Hoff' ich zumindest 


MfG


----------



## SlaterB (30. Dez 2007)

nicht dass nicht vielleicht noch jemand antwortet,
aber generell ist es der falsche Weg, 10.000 Zeilen Code in einer Library/ Mega-Programm zu schreiben,
am Ende einmal auf Start zu drücken und sich zu wundern, dass es nicht geht,

programmiere entweder Schritt für Schritt, teste jede 10 Zeilen-Operation einzeln und poste diese hier wenn sie nicht das macht was du erwartest,

nicht immer kann man so vorgehen, irgendwann muss es der Gesamtablauf sein,
der auch dann nicht funktionieren kann, wenn die Teile schon richtig aussehen,
dann musst du wenigestens den Gesamtablauf debuggen/ untersuchen,
zumindest schauen, ob alle if/ else richtig durchlaufen, die wichtigen Codestellen überhaupt erreicht werden,

und poste doch mal ein bisschen, aus was dein Programm im einzelnen besteht, was überhaupt dessen Aufgabe ist usw.,
dann sieht man auch langsam, welche Teile des Programms überhaupt dazugehören,

klar kann man alles wahrscheinlich unter deinem Link nachlesen, 
aber nett ist das ja nicht 

was ist mit LWJGL 1.1.3,
ist das eine Grafik-Library? versuche dein Programm mit einfachen System.out.println und evtl. noch bekannten Swing-Mitteln arbeiten zu lassen,
das kann jeder testen,

(nur um zu sehen, ob die Grundlagen funktionieren)


----------



## Schnitter (30. Dez 2007)

Mittlerweile habe ich herausgefunden, dass dt ziemlich niedrig ist. Dadurch wird die Masse kein Stück fortbewegt, da der Vektor praktisch zu null multipliziert wird.

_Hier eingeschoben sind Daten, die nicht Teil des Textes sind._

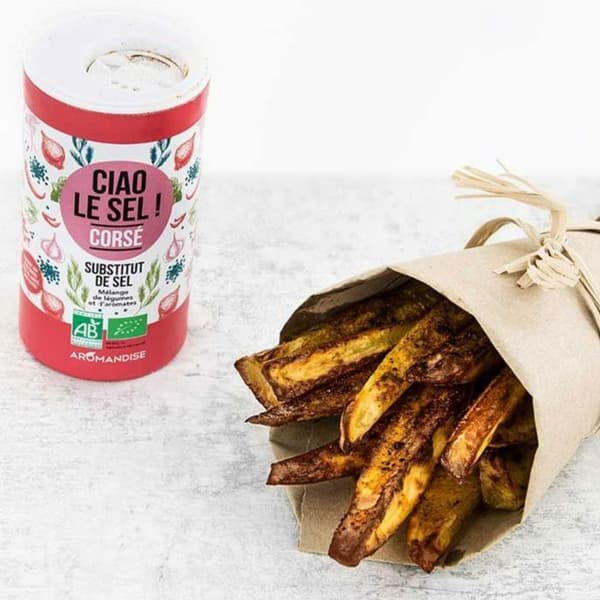 Duo av saltersättning: Fyllig och Tangy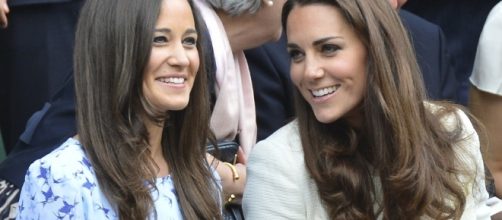 Le sorelle Kate e Pippa Middleton.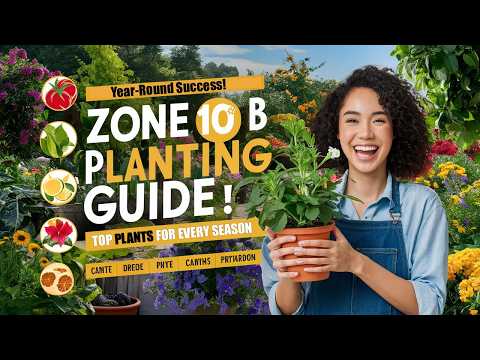Zone 10b Planting Guide: Year-Round Gardening in Zone 10b | Top Plants for Every Season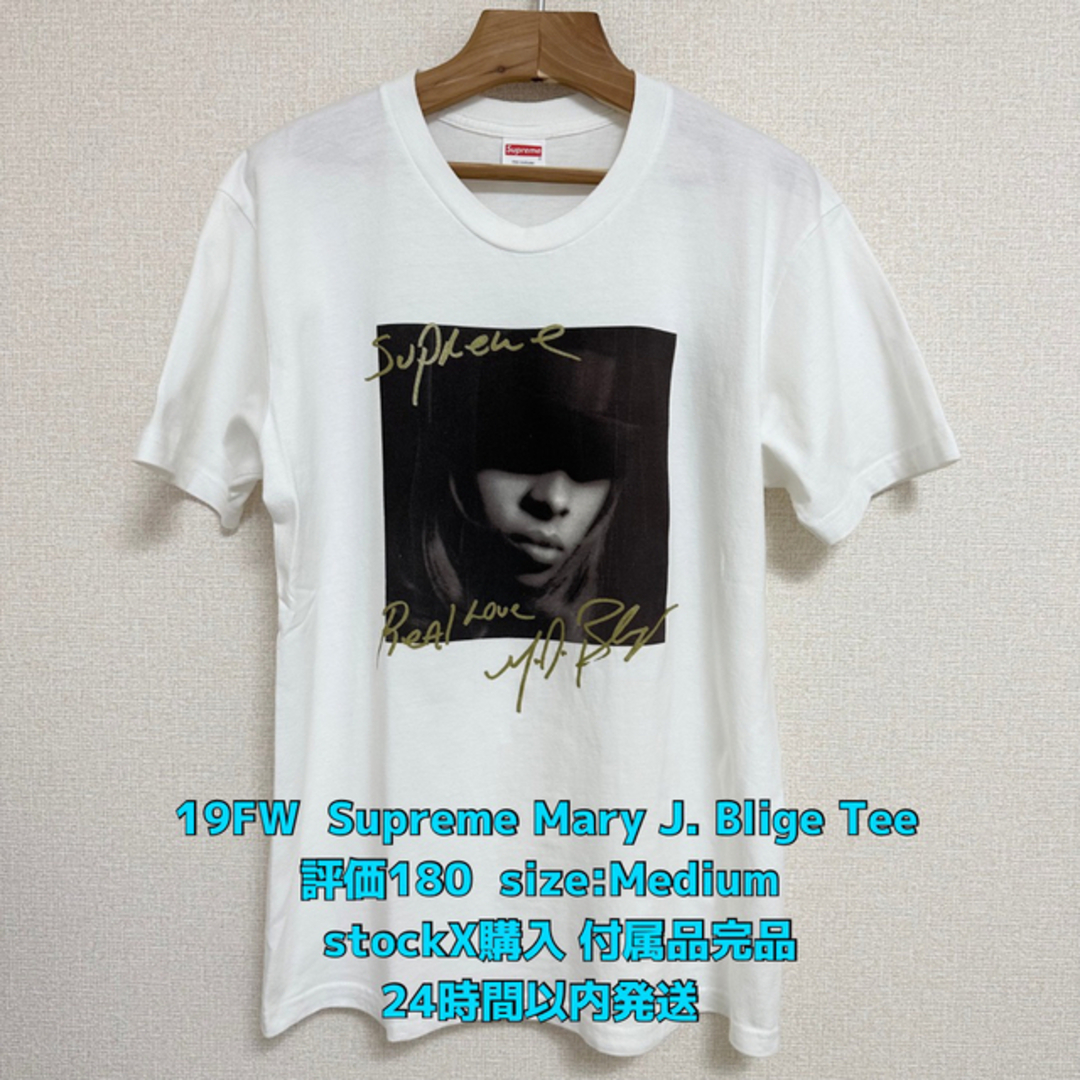 正規店格安】 Supreme - Supreme メアリーJ Tシャツ Mサイズの通販 by ...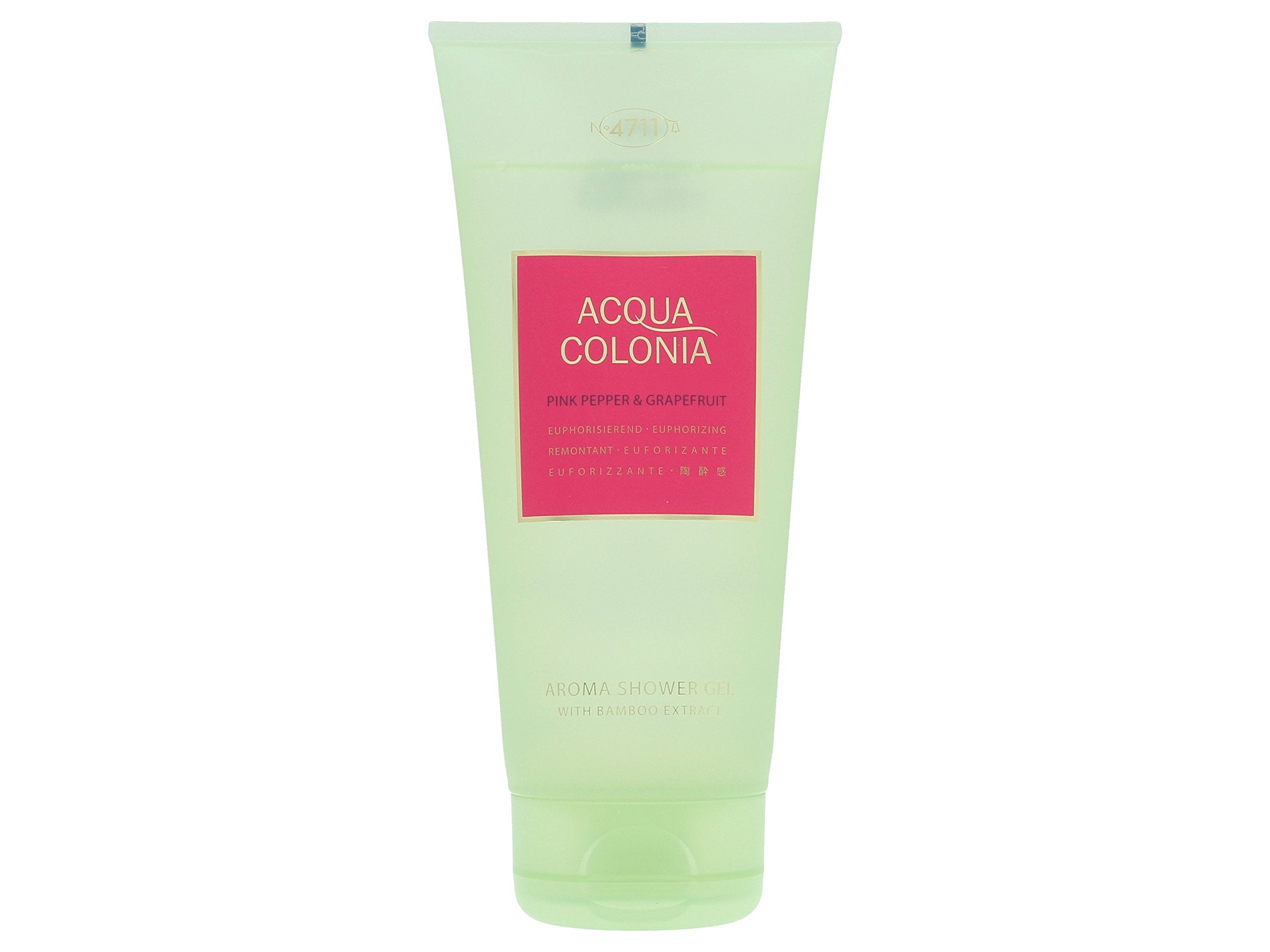 4711 Acqua Colonia Aroma Shower Gel, Pink Pepper And Grapefruit, 68 Ounce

LWJGL ist ne Grafik-Library, jo 

Und der Debugger ist in dem Fall imho ein wenig ungeschickt, da sich der Wert der Variablen ja mehrmals in der Sekunde ändert.


----------



## SlaterB (30. Dez 2007)

(upps, gar nicht Anfänger-Forum, da darf man ja ruhig etwas anspruchsvollere Fragen stellen, sorry  )


----------



## Schnitter (30. Dez 2007)

Ich glaub, ich habs. Ich habe in der solve-Methode garkeine Kraft auf die Masse ausgeübt. ANdererseits wird das im Beispiel auch nicht gemacht..naja, egal. Es bewegt sich!^^


----------



## Schnitter (30. Dez 2007)

Ok, ich bins schonwieder^^

Es muss auch garkeine Kraft angewandt werden - das wird über den Velocity-Vektor geregelt.

Allerdings hat der bei mir überhaupt keine Wirkung. Ich habe alles nochmal überprüft, und es scheint alles richtig zu sein. Findet ihr vielleicht den Fehler?


----------